I was hungry and the sun was failing to rest between the clouds. Things were yet to take shape; buildings were yet to stand in front of me but something was materialising. Pavement was starting to spill over onto road and that’s when the jog really started. It would be much later, when I finally found a familiar area, that I would tie the laces of my shoes.

How can I make the right exit and still be at the wrong gate?

There is a way one looks at confusion itself with confusion. When all sounds sound like the ones you know, how can one be lost? My mental map, in times like these, is no map.

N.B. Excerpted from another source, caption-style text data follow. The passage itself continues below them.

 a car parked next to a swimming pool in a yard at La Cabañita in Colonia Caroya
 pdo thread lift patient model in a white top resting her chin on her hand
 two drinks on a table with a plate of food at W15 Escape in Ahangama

My surroundings morphed and shifted — 'I saw that metro sign just now”, Oh, it's not there”, “I am moving”, 'Oh, it’s here”, “I must be just circling one place”, “I’ve lost my way”, “Again”. On accepting that I was lost I asked someone, thereby making evident my inarticulateness. After a lot of my hemming and hawing, it became clear to him that I could not help him understand where I wanted to go.

Just as I began to lose hope, he moved his hand in the air and drew for me a map of how the exit gates are arrayed at the Central Secretariat station. They covered a circle and so I just needed to cross a few roads. Somebody else very promptly piped up about where the gate I was looking for was — “Cross the road, see that building? It’s at the back side of that building.”

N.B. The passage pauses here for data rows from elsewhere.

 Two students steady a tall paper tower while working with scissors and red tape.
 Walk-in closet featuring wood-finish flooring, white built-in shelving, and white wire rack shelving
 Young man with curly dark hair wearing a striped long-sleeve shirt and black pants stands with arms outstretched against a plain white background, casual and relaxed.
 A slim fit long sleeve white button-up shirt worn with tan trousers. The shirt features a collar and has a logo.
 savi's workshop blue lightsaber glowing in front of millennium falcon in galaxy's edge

I swallowed my anxiety and embarked on the route as outlined, determined not to give in to any adventurous ideas of turning here or there, just remembering the hand that pointed at a building, remembering the building, and ignoring the gorgeous group of monkeys that were munching on food that employees from the nearby building dropped on their way to Metro station. It is a truth that should be universally acknowledged that a government building in possession of a few trees will soon be occupied by tea stalls and monkeys.

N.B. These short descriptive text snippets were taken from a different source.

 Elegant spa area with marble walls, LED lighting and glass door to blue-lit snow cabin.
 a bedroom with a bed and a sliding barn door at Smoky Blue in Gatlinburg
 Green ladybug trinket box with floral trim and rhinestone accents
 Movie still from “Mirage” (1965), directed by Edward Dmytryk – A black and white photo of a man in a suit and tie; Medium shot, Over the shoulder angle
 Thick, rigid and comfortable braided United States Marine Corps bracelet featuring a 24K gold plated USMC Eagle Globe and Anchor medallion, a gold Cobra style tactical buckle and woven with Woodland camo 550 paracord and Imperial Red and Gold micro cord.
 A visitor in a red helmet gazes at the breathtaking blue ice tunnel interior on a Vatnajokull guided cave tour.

I crossed the road looking neither left nor right (the traffic was, thankfully, still). I was so focussed that I did not notice how one of the monkeys had grabbed a cup of tea and was sipping from it. Another was rummaging through a bin. One of them sat on the boundary wall of my destination — the building — and gazed at the passing crowds. It looked like a monkey on a mission, taking mental notes of who and what was left behind or scrutinising this other species that visited their neighbourhood everyday. Another one was helping a young monkey climb its slippery back. There was a group which was walking ahead of me. I slowed down, telling myself that life should be enjoyed at leisure. Not that I really look forward to seeing monkeys on my way, but it does feel good to have company when you are trying to find your way. I followed the monkeys. These monkeys are also what I used to see all those times when I made the right exits and came out of the right gates. So, I was kind of hoping that the monkeys would lead me there. Soon, I had crossed the two roads and circled the building.

 

 

I had to bear in mind that I was supposed to be following directions. If one follows directions, the path remains clear. My map started blinking as if I had already reached home. According to my mental map I had already covered the distance. To my side was the building that I had passed daily but had never cared to put a name to.

On taking note of the road I usually travel by, its familiar smell of tea, the monkeys that usually travel along the boundary wall of the building, I paid much closer attention to the names of the building that were coming along my way. I had been walking all over the same route that I usually take. I reached my destination 40 mins late.